State aid: Commission approves Polish support scheme for financial institutions


The Polish scheme foresees two categories of support measures: State Treasury guarantees for the issuance of new senior debt by banks and liquidity support measures in the form of Treasury bonds, either as a loan or to be sold with deferred payment.

The measures would guarantee short and medium-term debt to encourage inter-bank lending and offer liquidity to financial institutions under strict conditions. The Commission found the measures to be in line with its Guidance Communication on state aid to overcome the current financial crisis.
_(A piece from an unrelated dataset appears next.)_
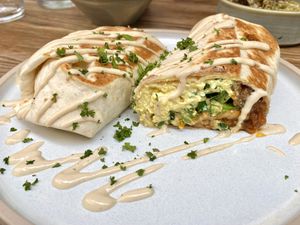 Breakfast burrito 🌯🥓🍄  at Wild and Wild in Congleton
The Polish scheme foresees two categories of support measures: State Treasury guarantees for the issuance of new senior debt by banks and liquidity support measures in the form of Treasury bonds, either as a loan or to be sold with deferred payment.
The Commission concluded that the measures constituted an appropriate means to restore confidence in the creditworthiness of Polish financial institutions and to stimulate inter-bank lending. In particular, the scheme is limited in time and scope and provides non-discriminatory access for financial institutions established in Poland. The guarantees and loans will be provided for debt instruments with maturities from three months up to five years. However, bank loans guaranteed by the State Treasury with a maturity exceeding three years will be restricted to a maximum of the third of the value of all the beneficiary's bank loans supported by the scheme.
Debt guarantees on newly issued debt will be available only to credit institutions. Should the State guarantee be called upon by a beneficiary, or should the beneficiary default on its liabilities related to Treasury bonds, a restructuring plan will be submitted within six months. The remuneration for the debt guarantees will be established in line with the European Central Bank (ECB) recommendations and the remuneration for the lending of Treasury bonds or for deferred payments for Treasury bonds will be even higher then for the guarantees.
Eligible institutions may apply for the support under the scheme until 31 December 2009, but support may be granted later within six months from the day the decision is adopted.